Last weekend the New York Times published an article that struck a chord in their readers. You can experience that chord if you read some of the 1600 comments at the end of the article.
George Bell was a 72-year-old man who died alone in his Queens apartment, unknowingly, to the rest of the bustling city around him. Each year 50,000 people die in New York and most have family or friends around them to bury them and grieve the loss of their life.
"A much tinier number die alone in unwatched struggles. No one collects their bodies. No one mourns the conclusion of a life. They are just a name added to the death tables. In the year 2014, George Bell, age 72, was among those names.

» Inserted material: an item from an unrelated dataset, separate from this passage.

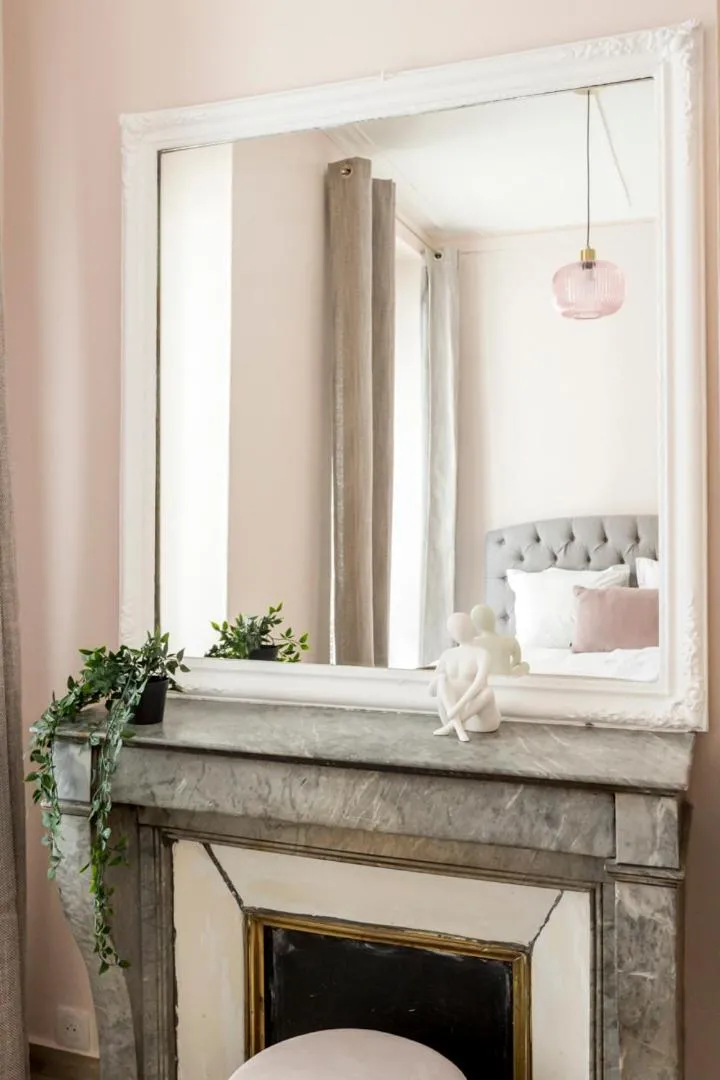 Bedroom in Reva Suites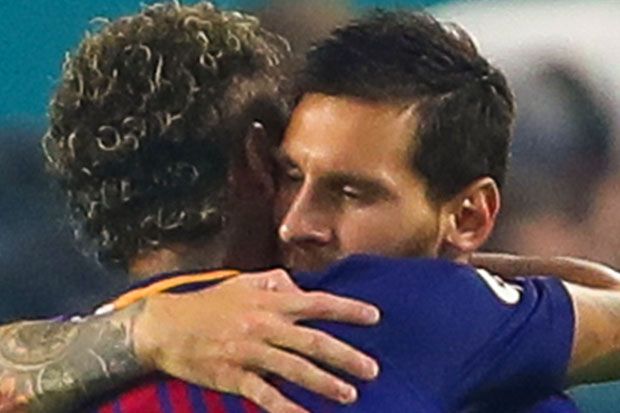 Messi Emosional Ucapkan...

George Bell — a simple name, two syllables, the minimum. There were no obvious answers as to who he was or what shape his life had taken. What worries weighed on him. Whom he loved and who loved him. Like most New Yorkers, he lived in the corners, under the pale light of obscurity."
The writer suggests that Bell died a lonely death and the readers challenge the assumption that to die alone means you were lonely. The tension raises a question in all of us of what defines a life well lived? George died alone with no family, no one to celebrate his life and an estate worth over half of a million dollars.
We each have to answer for ourselves what we hope life will look like in our latter years, assuming we get there. What will our death communicate about who we are and whom we love? What will the map of our lives reveal?